> **ACTIVITY**
Return the lines below exactly as they appear, please, starting with the first and ending with the one that contains "Lift bridge, Sault".

> **GIVEN INFORMATION**

★ ★ ★ ★ ★

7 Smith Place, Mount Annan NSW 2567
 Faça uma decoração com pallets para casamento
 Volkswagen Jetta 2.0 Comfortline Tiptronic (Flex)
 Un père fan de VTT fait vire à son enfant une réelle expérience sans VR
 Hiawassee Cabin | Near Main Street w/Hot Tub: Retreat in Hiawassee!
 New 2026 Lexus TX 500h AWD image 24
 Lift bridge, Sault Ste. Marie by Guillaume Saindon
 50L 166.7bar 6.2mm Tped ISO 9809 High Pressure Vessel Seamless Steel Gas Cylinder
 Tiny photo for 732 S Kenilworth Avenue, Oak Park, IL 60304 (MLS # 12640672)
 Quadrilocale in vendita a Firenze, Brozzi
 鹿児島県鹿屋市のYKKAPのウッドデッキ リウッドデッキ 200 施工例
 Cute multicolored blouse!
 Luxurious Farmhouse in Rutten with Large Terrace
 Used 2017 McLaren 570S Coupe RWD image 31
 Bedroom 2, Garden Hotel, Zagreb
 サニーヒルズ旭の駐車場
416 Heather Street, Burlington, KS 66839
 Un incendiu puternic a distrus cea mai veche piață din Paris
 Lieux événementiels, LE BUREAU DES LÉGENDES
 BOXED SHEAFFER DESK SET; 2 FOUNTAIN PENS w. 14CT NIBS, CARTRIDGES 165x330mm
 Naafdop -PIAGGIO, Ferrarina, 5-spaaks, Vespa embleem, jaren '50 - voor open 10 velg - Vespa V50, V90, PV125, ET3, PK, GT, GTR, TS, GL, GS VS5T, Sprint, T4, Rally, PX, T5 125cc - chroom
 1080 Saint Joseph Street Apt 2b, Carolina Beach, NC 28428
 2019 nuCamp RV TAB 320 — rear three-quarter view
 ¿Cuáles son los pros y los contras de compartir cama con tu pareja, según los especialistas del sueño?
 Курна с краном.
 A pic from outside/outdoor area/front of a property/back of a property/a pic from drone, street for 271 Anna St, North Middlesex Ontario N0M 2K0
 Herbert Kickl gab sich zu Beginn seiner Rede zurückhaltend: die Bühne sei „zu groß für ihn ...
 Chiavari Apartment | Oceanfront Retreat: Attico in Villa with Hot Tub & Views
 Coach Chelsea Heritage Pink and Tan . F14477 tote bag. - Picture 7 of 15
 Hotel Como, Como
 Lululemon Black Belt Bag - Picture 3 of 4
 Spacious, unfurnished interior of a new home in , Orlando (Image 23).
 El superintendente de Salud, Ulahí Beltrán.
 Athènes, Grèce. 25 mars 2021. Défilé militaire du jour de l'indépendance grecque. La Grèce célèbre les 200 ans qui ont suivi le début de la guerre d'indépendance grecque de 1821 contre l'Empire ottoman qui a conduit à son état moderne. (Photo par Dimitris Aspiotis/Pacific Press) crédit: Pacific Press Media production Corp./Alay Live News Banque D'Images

★ ★ ★ ★ ★

> **COMPLETED EXERCISE**
7 Smith Place, Mount Annan NSW 2567
 Faça uma decoração com pallets para casamento
 Volkswagen Jetta 2.0 Comfortline Tiptronic (Flex)
 Un père fan de VTT fait vire à son enfant une réelle expérience sans VR
 Hiawassee Cabin | Near Main Street w/Hot Tub: Retreat in Hiawassee!
 New 2026 Lexus TX 500h AWD image 24
 Lift bridge, Sault Ste. Marie by Guillaume Saindon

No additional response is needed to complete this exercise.